Last week, Russian President Vladimir Putin signed into law the so-called “Yarovaya Laws” (named after the sponsoring legislator) to supposedly combat terrorism in Russia. As a variety of legal commentators have noted, however, the law imposes significant restrictions on social media and civil liberties generally. As has been appropriately noted by most of the media I’ve seen covering this issue, it matters a great deal how the law is applied in practice. Unfortunately, if the last four years are any guide, the law will be applied selectively and arbitrarily in order to create maximum paranoia and suppress activity by groups that the authorities (broadly defined) find “undesirable.”
There is so much to unpack in these statutes that I will save most of it for another day, but I did want to give a somewhat cooled “hot take” on the issue most active on the bloggernacle, namely the status of Russian missionaries after the law’s passage.
This has developed into a three-post analysis. The next post will cover the text of the law in detail. If statutory interpretation isn’t your thing, skip the heavy legal analysis for the third post, my interpretation of what the laws are likely to mean in practice.

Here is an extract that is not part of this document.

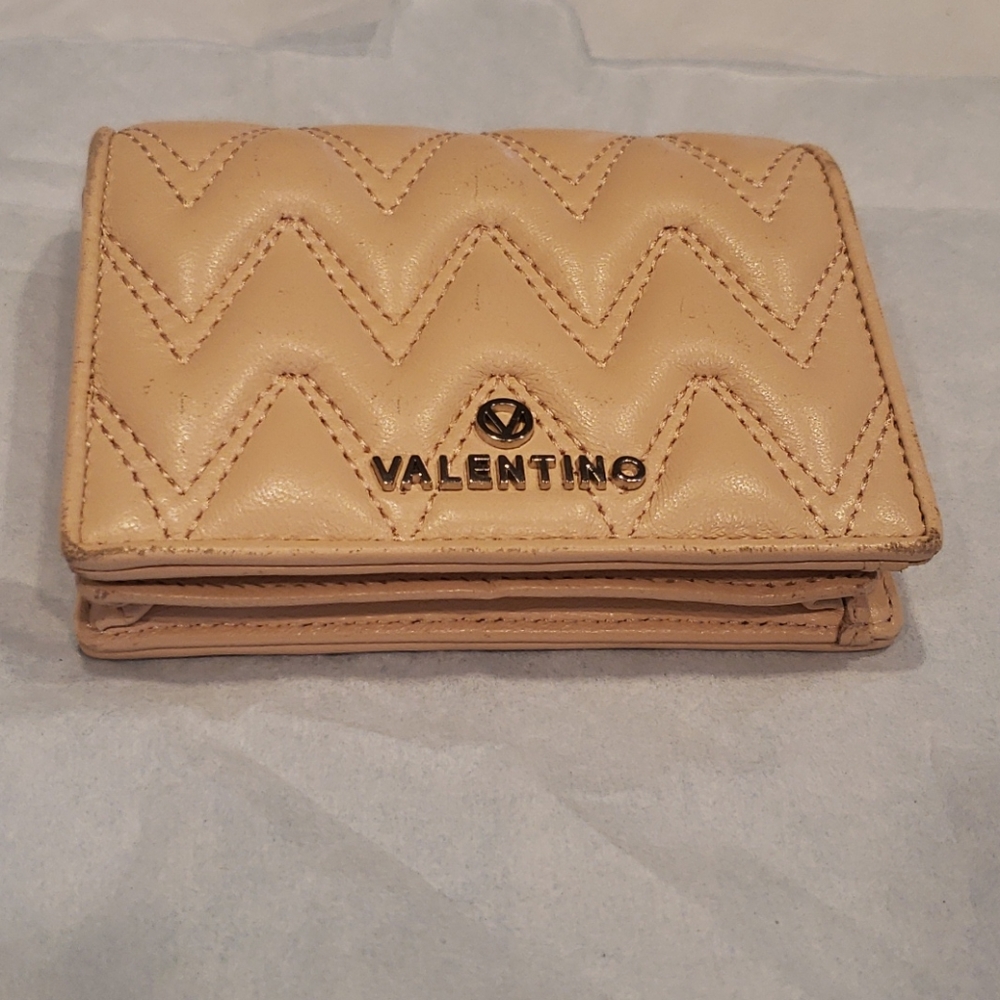 Valentino wallet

Before I get into all that, as an introductory aside, I want to note that most people who are interested in this topic are initially concerned for American missionaries. This is not terribly surprising, and people should be concerned about their brothers and daughters and nieces and cousins, and about the missionary efforts of the Church. But I hope that after we have work through our concerns for the missionaries that we will spend at least as much concern thinking about how this will affect Russian Mormons, our brothers and sisters in Christ, whose burdens we have covenanted to co-bear and whom we have covenanted to show comfort. There will likely be work to be done in the future on both accounts.